Tech planning: An imperfect process
That’s all the more reason to have a road map in place.
Technology planning is an inexact process. Just when budgets and resources are in place for an annual plan, a disruptor is sure to hit the marketplace, or a line of business will need an immediate upgrade, throwing previous projections out the window.
That’s all the more reason to have an annual plan, says Loretta Weller-Mowers, a digital strategic consultant with CU Engage.
“That’s what the plan is for: to keep you on track when things don’t go the way you initially planned,” she says.
That way, credit unions can jump on new technologies when warranted or decide to wait if other priorities take precedent, Weller-Mowers says.
A technology plan also can eliminate surprises when needs arise in credit union departments. Without a plan, these needs might not be communicated to the information technology (IT) department.

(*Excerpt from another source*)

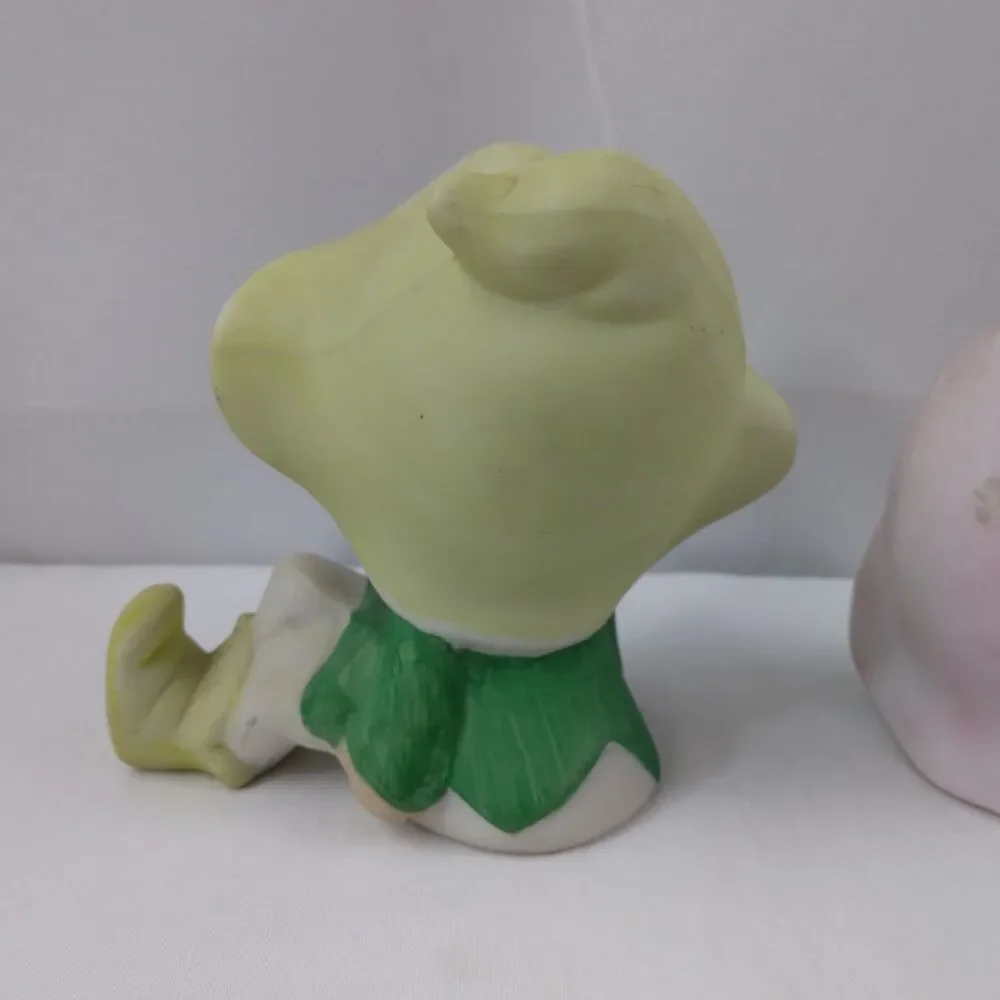 2 Vintage HOMCO Pixie Elves Porcelain Figures Garden Fairies Home Interior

“The next thing you know someone needs it tomorrow, which creates a lot of angst,” Weller-Mowers says. “Make sure your technology plan aligns your business strategy with your capital expense budget.”
The strategic technology plan typically is held under the “ownership” of a single credit union department, typically IT or operations. But without question, the plan should be a group document developed with input from all business units.
That is certainly the case at $564 million asset Kellogg Community Credit Union in Battle Creek, Mich.
“We do a strategic planning event every year across all lines of business,” says Maria Haight, chief operations officer. “There will be projects that affect IT, and there may be hardware and integrations. But we know ahead of time what we need to make happen.”
She says Kellogg Community assembles a three-year road map, which she fine tunes into a one-year plan with specific projects.
“Does that mean other things don’t come up? Of course not,” Haight says. “Sometimes it might trump something else, and other times it might be an add-on.”